Exploring the Charge Localization and Band Gap Opening of Borophene: A First-Principles Study

TL;DR

This study uses first-principles calculations to investigate methods for charge localization and band gap opening in borophene, a 2D boron material with metallic properties, through functionalization, nanoribbon construction, and defect engineering.

Contribution

It demonstrates the robustness of borophene's metallicity against functionalization and defects, and reveals new electronic behaviors in functionalized nanoribbons.

Findings

Metallicity remains stable despite H- and F-functionalization.

H-functionalized nanoribbons show odd-even oscillations in electronic structure.

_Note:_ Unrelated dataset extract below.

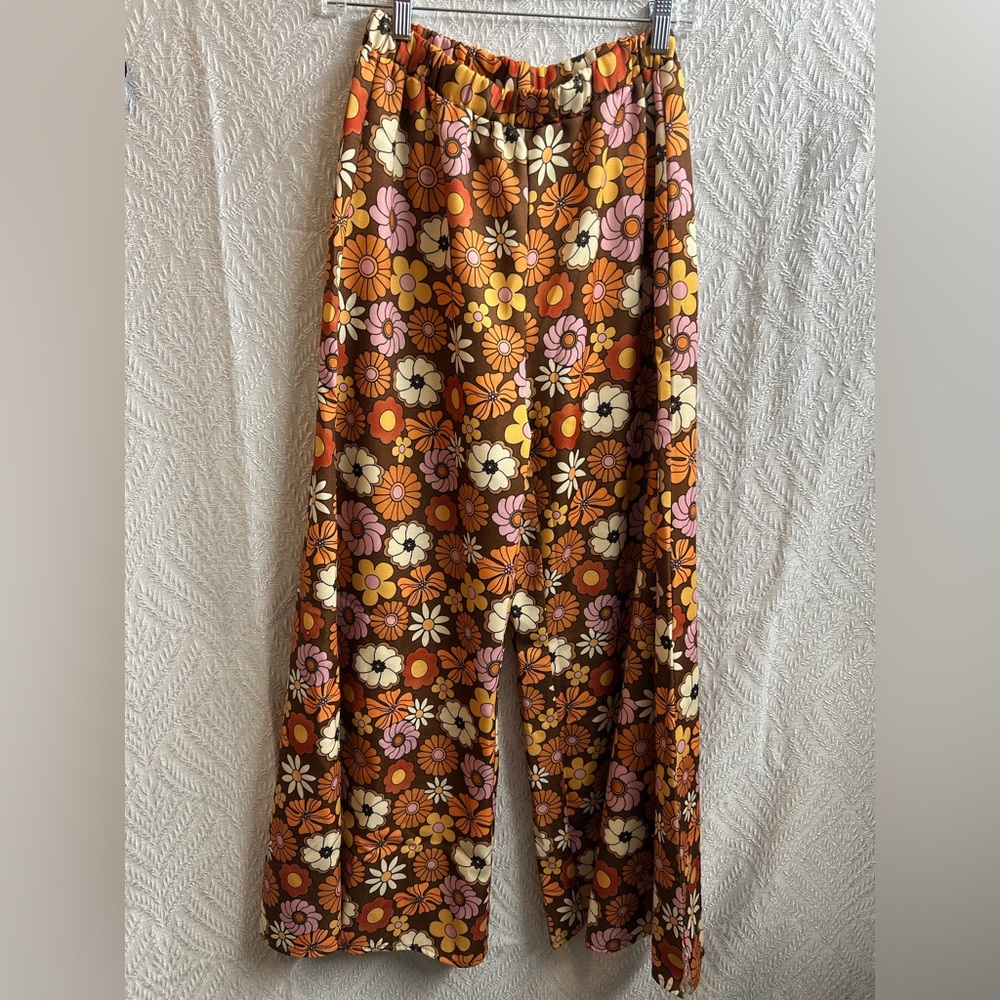 ROMWE Groovy 70’s Retro Floral Patterned Pants with Orange and Brown - Picture 3 of 7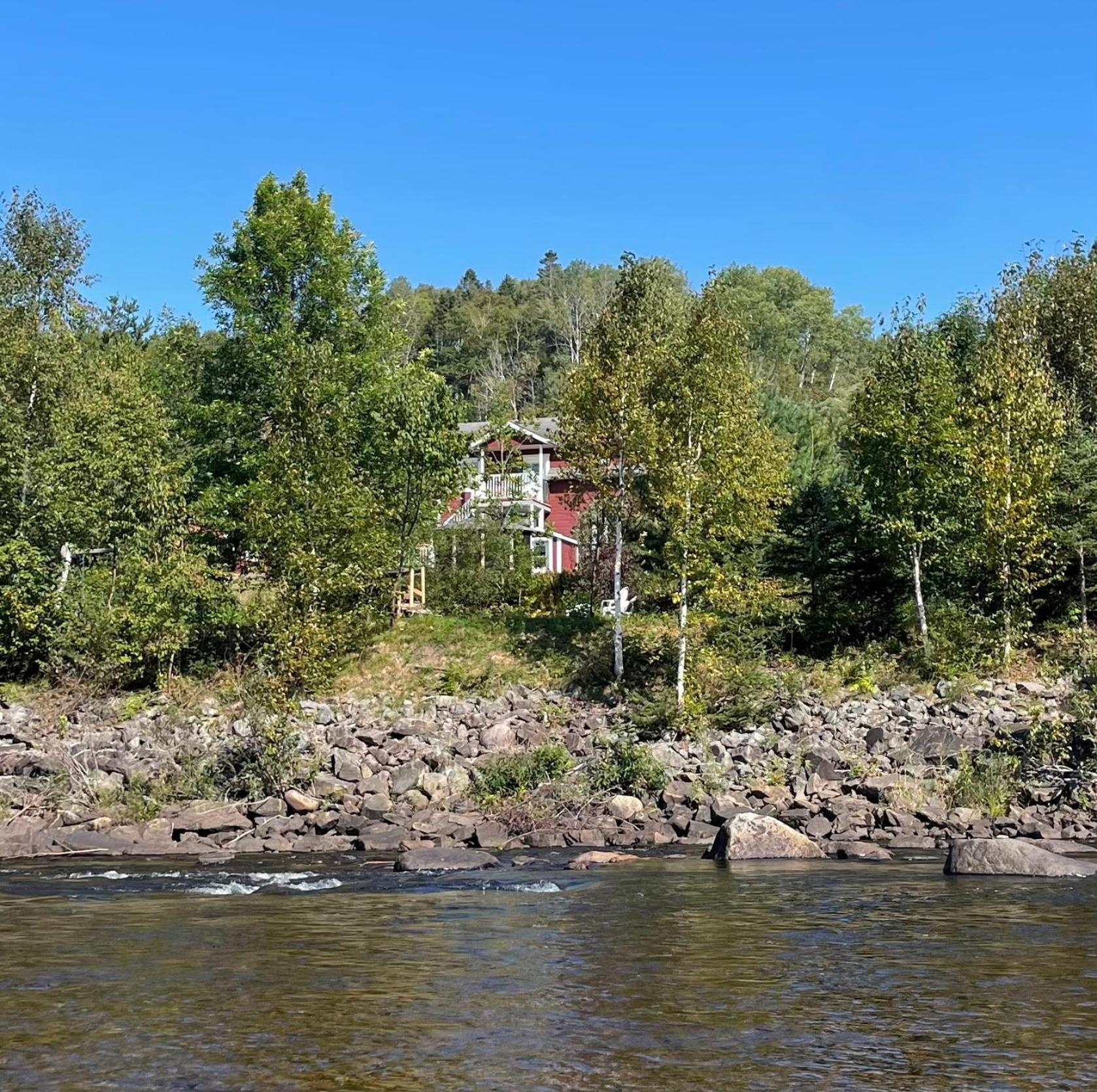 Belle Maison Avec Vue Sur La Riviere LʼAnse-Saint-Jean Esterno foto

F-functionalization results in a high work function (~7.83 eV).

Abstract

Recently synthesized two-dimensional (2D) boron, borophene, exhibits a novel metallic behavior rooted in the s-p orbital hybridization, distinctively different from other 2D materials such as sulfides/selenides and semi-metallic graphene. This unique feature of borophene implies new routes for charge delocalization and band gap opening. Herein, using first-principles calculations, we explore the routes to localize the carriers and open the band gap of borophene via chemical functionalization, ribbon construction, and defect engineering. The metallicity of borophene is found to be remarkably robust against H- and F-functionalization and the presence of vacancies. Interestingly, a strong odd-even oscillation of the electronic structure with width is revealed for H-functionalized borophene nanoribbons, while an ultra-high work function (~ 7.83 eV) is found for the F-functionalized borophene due to its strong charge transfer to the atomic adsorbates.